巨鹿,古名大麓,远古时期就是兵家必争之地,有着重要的战略价值。但是,此时困守这样的要地也不是办法,因此,赵王和相国张耳守在城中,而将军陈余则向北收拾兵力,准备对抗秦军。
当陈余返回巨鹿时,他突然发现,自己辛苦收编的几万人,可能派不上什么用场了。原来,章邯在扫平邯郸城之后,下令让大将王离和涉间继续前进,包围巨鹿,而他自己则在巨鹿以南,开拓道路、运输粮草,供应前锋以方便长期围城。因此,陈余只好在城北远远扎下营寨,然后派出使者,四处求援,请求燕、齐、楚诸侯援救。
燕国和齐国此时已经明白,如果再坐视不理,最终将唇亡齿寒。他们很快派来了援军,但看到秦军那铁桶般的围城阵势、坚实的粮草供应路线,深知秦军此战志在必得,于是,他们也就按照次序在陈余营垒的旁边驻扎下来。
最后到来的,是项羽的楚军。当然,如果这样说被一个人听见,他会相当不满。
这个人就是楚军将领宋义。
按照众人的意见,楚军的上将本应是项羽,但楚怀王不知道听了谁的“建议”,特地任命资格较老的宋义作为主将。一方面,怀王考虑的是项羽威望发展太大,不利于各部队之间的平衡;另一方面,他也听说当时项梁的失败,也是因为没听宋义的劝告。
因此,严格来说,宋义才是楚国援军的主将,项羽纵然再勇猛果敢,也只能屈居其次。

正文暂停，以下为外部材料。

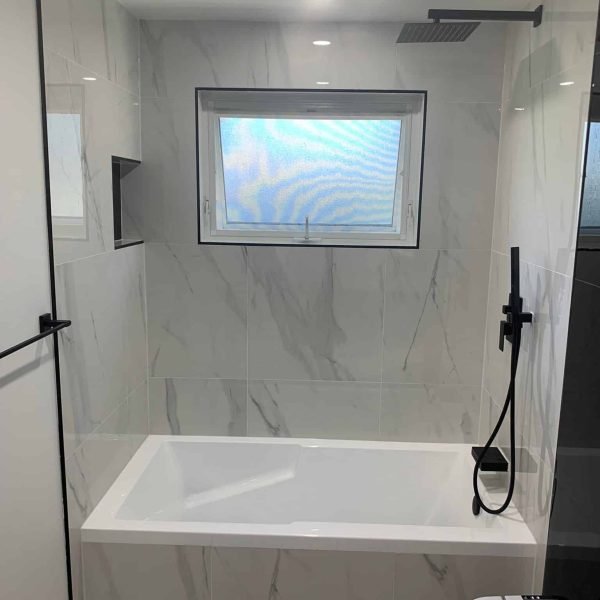 Alcove bathtub with marble-look tile and window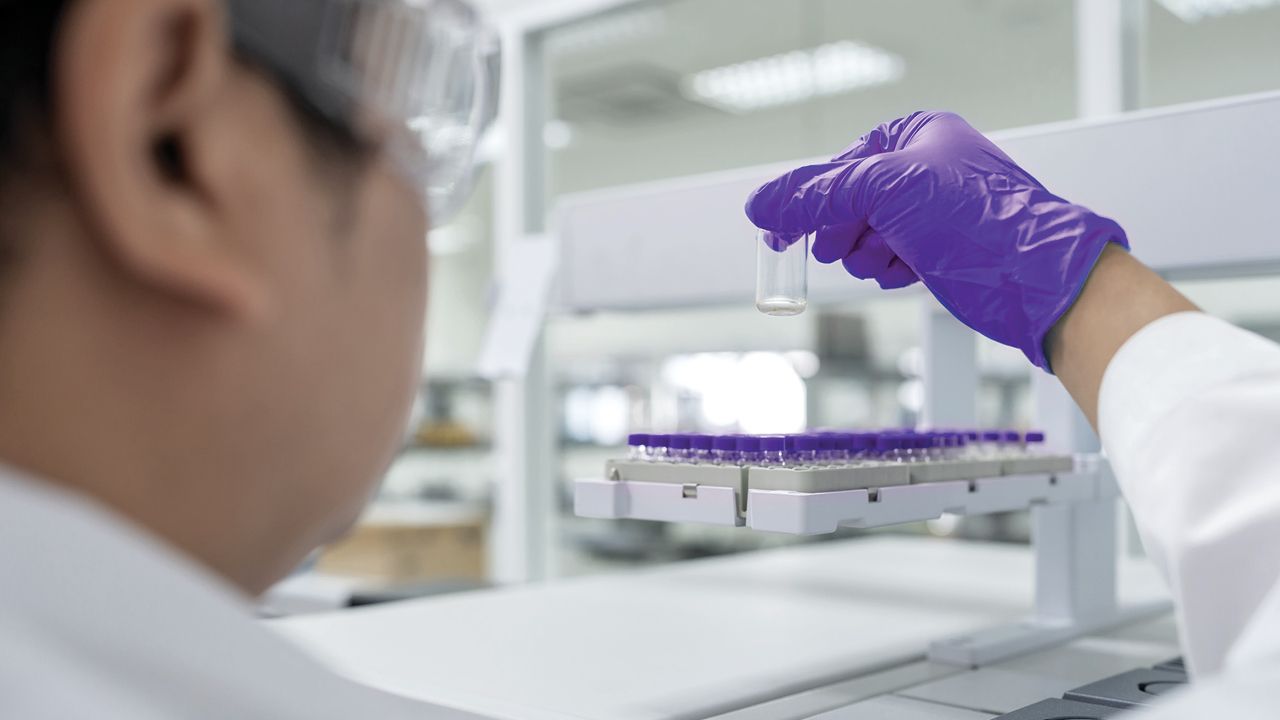 A lab scientist placing sample vials into lab equipment for analysis | Graphic for 'GC-MS for Operators and Developers' course from Analytical Training Solutions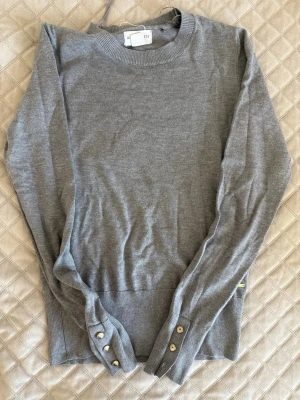 Grå stickad tröja med knappar - Snygg grå stickad tröja från lindex med rund halsringning och ribbade muddar. Ärmsluten har dekorativa guldknappar som ger en extra detalj. Perfekt till jeans eller kjol för en clean look. 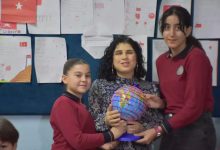 Fotoğrafta bir sınıf ortamında ortada oturan bir öğretmen ile yanında iki öğrenci görülüyor. Öğrenciler öğretmenle birlikte renkli bir dünya küresi tutuyor. Arka planda duvara asılmış öğrenci çizimleri ve Türk bayrağı bulunan sınıf panosu yer alıyor.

当然,怀王没忘记,让范增作为末将相随,以便约束住这个性如烈火的年轻人。
同时,还有人提出,趁秦军主力章邯被吸引在巨鹿城下,不如另选一支部队,向西前进,出其不意地向咸阳进发。
楚怀王欣然同意,但问题是,选谁呢?他马上想到了刘邦。
比起其他将领,刘邦似乎显得没有多少特色——作战,他的部队决不懦弱,但也谈不上多么勇猛精锐;政治,似乎这个小小的亭长也没多少兴趣,从没见过他四处活动。
但刘邦最大的特色,是他的仁爱。每次攻略一地,刘邦必定最早出现在民众当中,安抚他们的情绪,关照他们的生活,真心诚意地和他们载歌载舞,庆祝脱离暴秦的统治。
这样的刘邦,即使占领了咸阳,也应该会传播我大楚的美名吧。更重要的是,他一定会保护我的人身安全。
带着这样的想法,少年聪颖的怀王暗自决定了西进的人选。
正是这样的决定,促成了刘邦和张良的重逢,也埋下了未来楚汉相争的格局。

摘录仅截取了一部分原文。